Ever since she was a tyke, 25-year-old Nashvillian Sophie Allison – better known as indie rock/pop-rocker Soccer Mommy – has found guitar to be the key to unlocking inspiration.
She remembers falling in love with the guitar at a show at her brother’s preschool, then receiving a “crappy nylon-string guitar” and “banging on it until my parents got me a small acoustic I could take lessons on”. She hasn’t looked back since, continuing to improve her skills over the years – and the albums.
With each new record, Allison keeps pushing herself further out of her comfort zone – a zone fueled by her love of everything from Taylor Swift and Avril Lavigne to the Smiths and the Cure. That drive for discovery continues on Soccer Mommy’s third effort, Sometimes, Forever, which was produced by Daniel Lopatin, aka Oneohtrix Point Never, who ensured that the guitars – played by Allison and bandmates Julian Powell and Rodrigo Avendano – stayed front and center.

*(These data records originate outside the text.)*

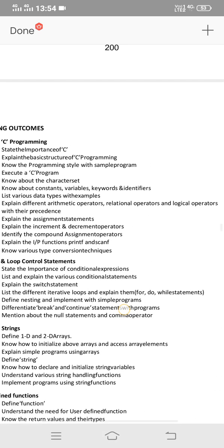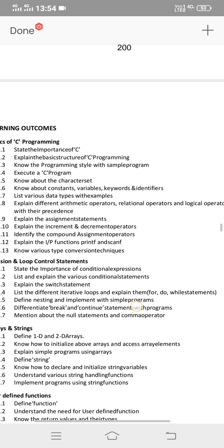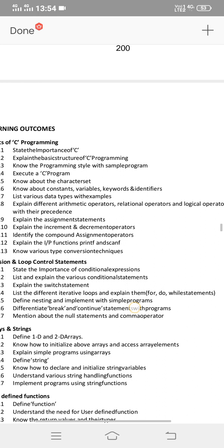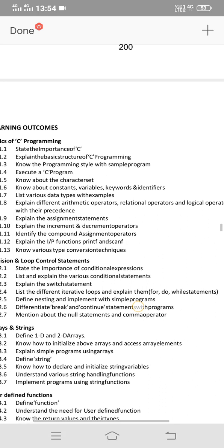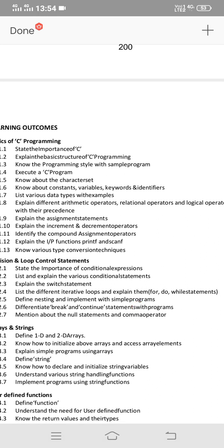The operators include Arithmetic Operator, Relational Operator, Logical Operator, and Assignment Operators. For each operator you should know the definition and the symbols — you can present these in a table format. Explain different types of operators — this is an important idea for C programming courses.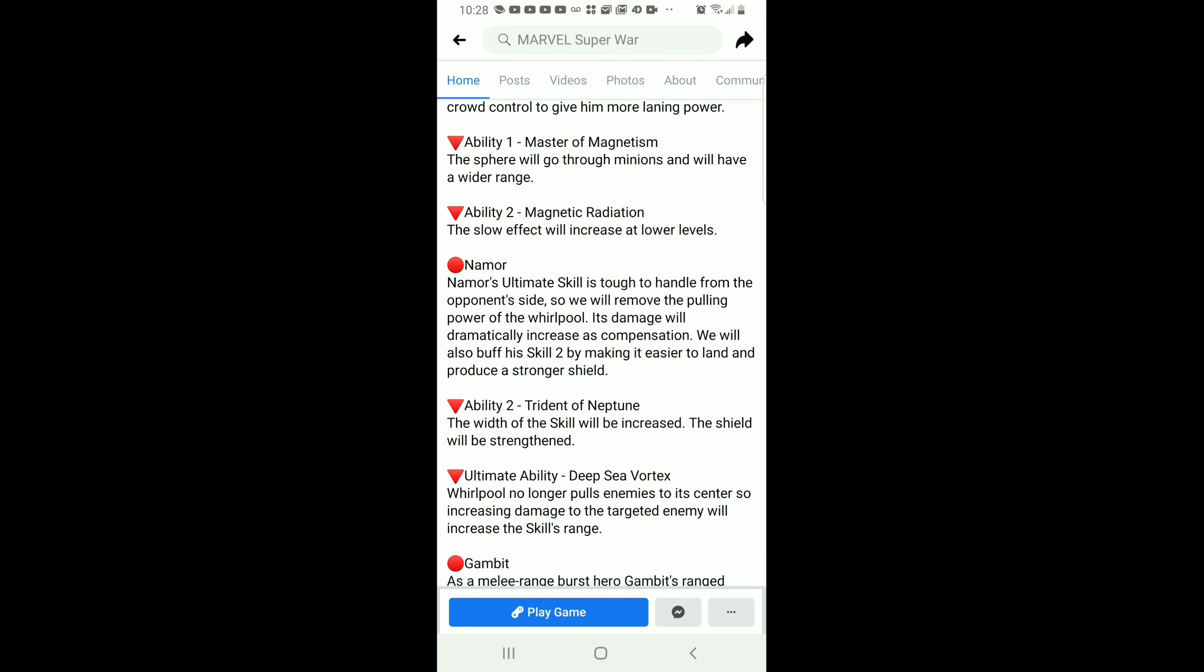They also realize that Magneto is bad in laning, so they are giving him more slow and range on his abilities.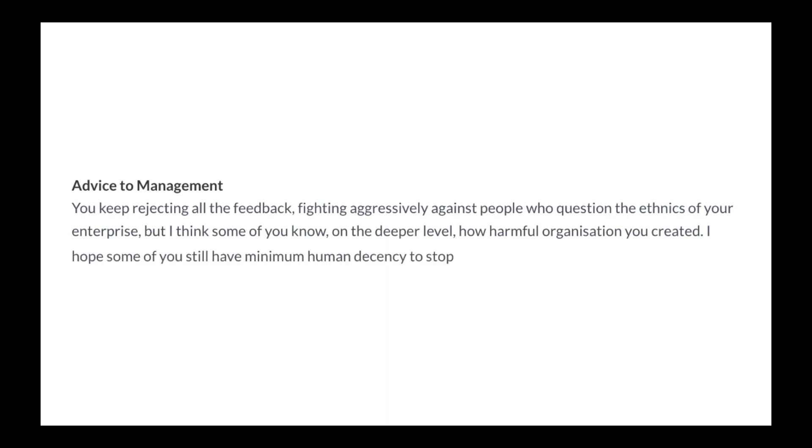I hope some of you still have a minimum level of human decency to stop. I have to say that of the tech companies we've looked at, this must be one of the worst. If you have experience at this or any of the other big blockchain startups, let us know in the comments section. If you have a price prediction for Ethereum, let us know as well. And as always, thank you for watching and subscribe for more.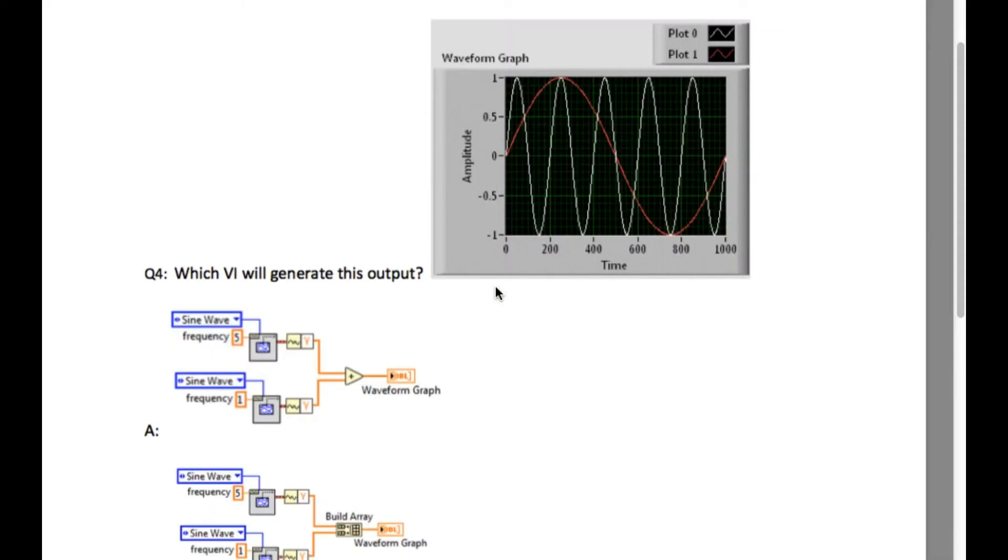Pause the video if necessary and then scroll through the different options. When you are ready, you can resume and then wait for the solution.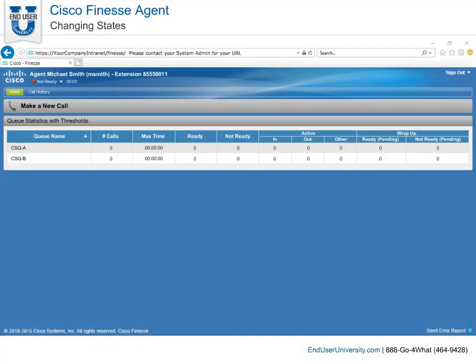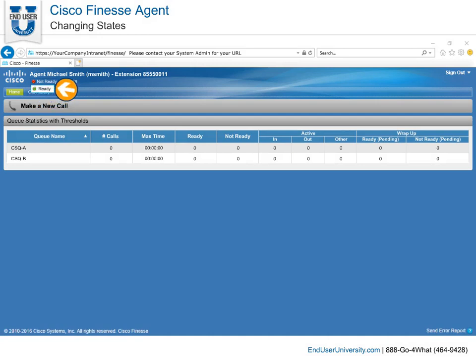Changing states. When you first log in, you will be in the not ready state. Click the drop down arrow next to your current state in order to select another state.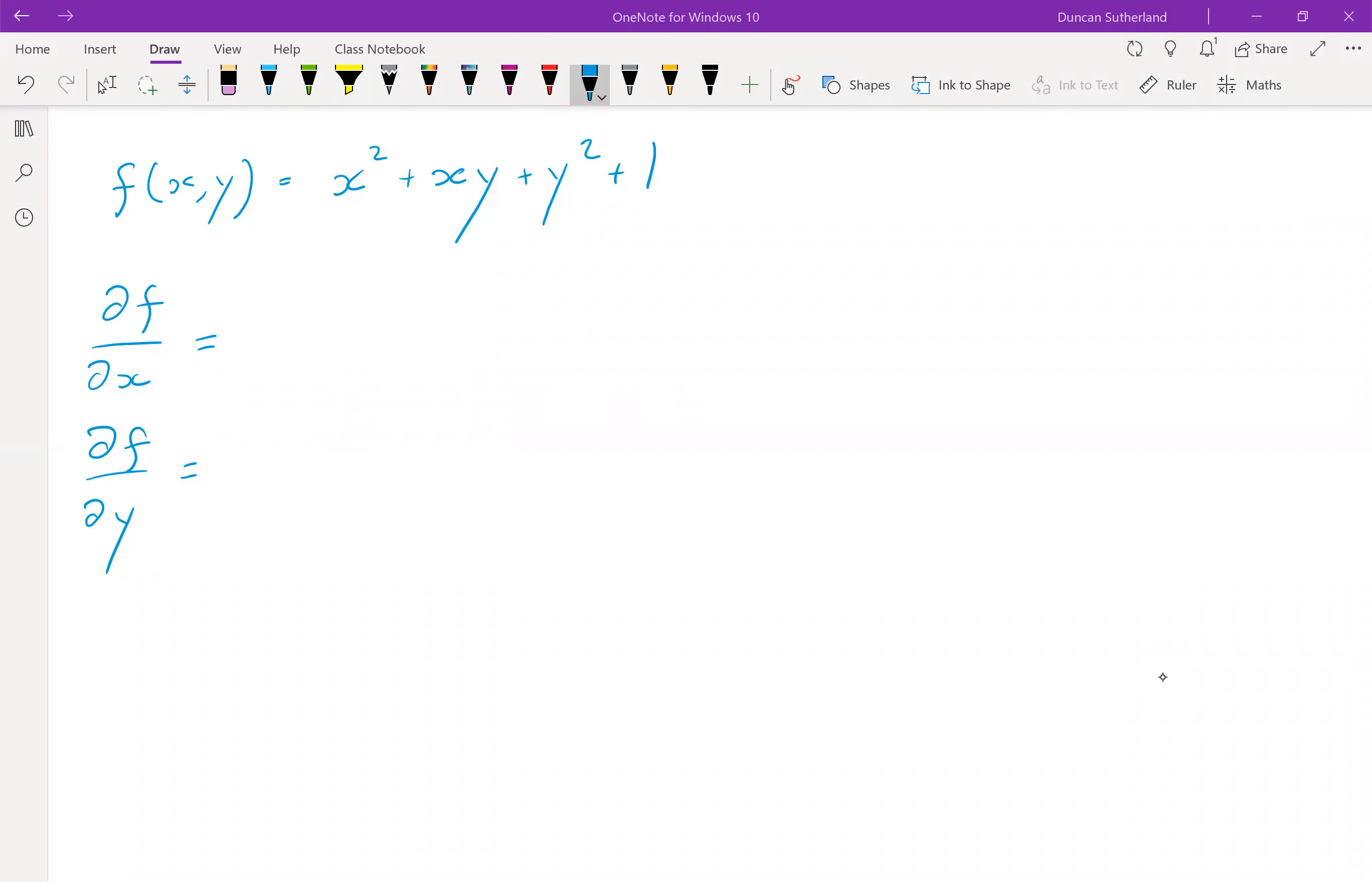Okay, we're going to try some partial differentiation. We've got this function here. It's a fairly straightforward function. It's x squared plus x times y plus y squared plus 1.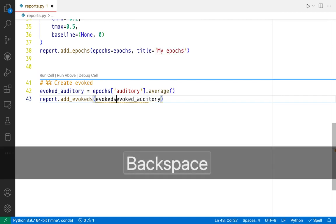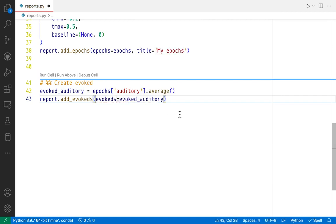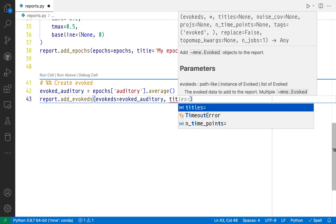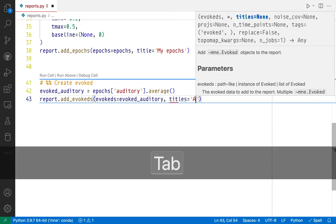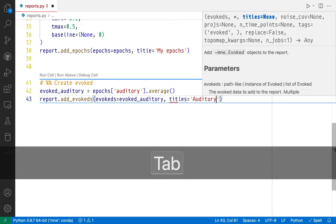Evoked equals evoked_auditory. The title is going to be auditory.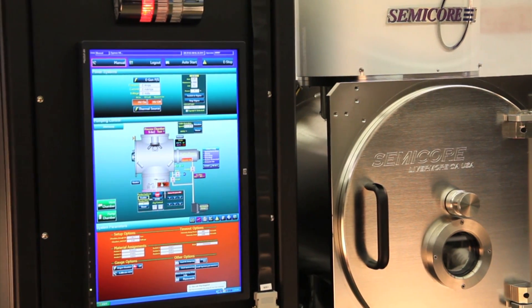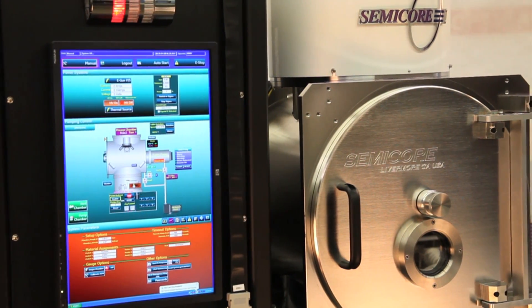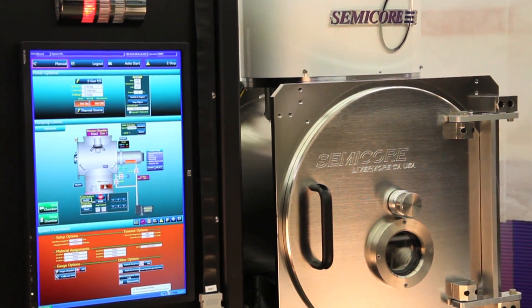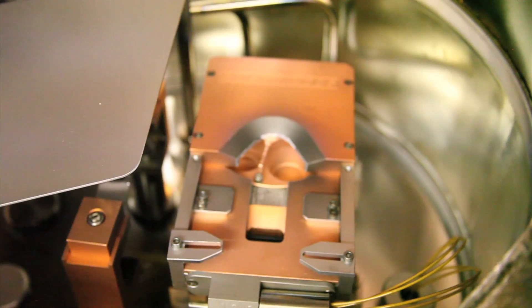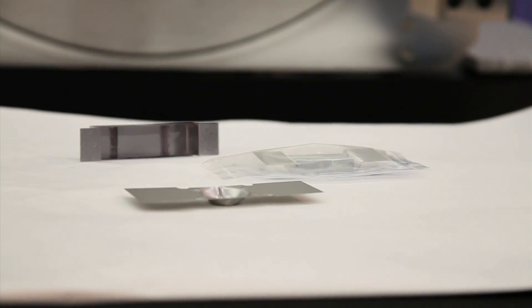The primary source is a six-pocket, six-kilowatt electron beam gun, and the secondary source is a two-kilowatt filament boat.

“Dan was really excited about getting cool, atmospheric and shoegazey guitar parts,” Allison says. “[The album] has a lot of stuff that seems familiar to people who already like our music, but also it has a lot of stuff that’s new and exciting and pushes outside of some genre boundaries.”
When it comes to writing new music, Allison says the guitar is key. “Writing the guitar parts always comes first for me because that’s how I build melodies,” she says. “I could never write a song without a guitar.” She’s always looking for interesting chords to play. Jazz chords especially interest her, as they allow her to get “a bit more creative and get some interesting sounds”.
“I feel it drives the music I write because I want to be able to have a song that has good lyrics and a catchy melody and everything,” she says. “But the thing I always start with is chord progressions, and that’s kind of what inspires me to write a song.”
She’s also been known to mess around with an alternate tuning or two. For example, she used a D# F C F G C tuning for the first time on Following Eyes, noting that “it was cool to create something fairly quickly from it without knowing the neck in that tuning very well”.
A variety of guitars were used to achieve Sometimes, Forever’s unique sounds. The pickups in her Novo are well voiced for her riff-driven, shoegazey power chords, while her Strat provides a brighter sound that’s “a bit cleaner and less gritty”. Her Fender Jaguar gives her a “fatter, darker sound” on the aforementioned Following Eyes. “It gives it kind of a beefiness when I’m playing,” she says. “I’m playing a riff on that song mostly, rather than chords, and it has a nice heaviness to it.”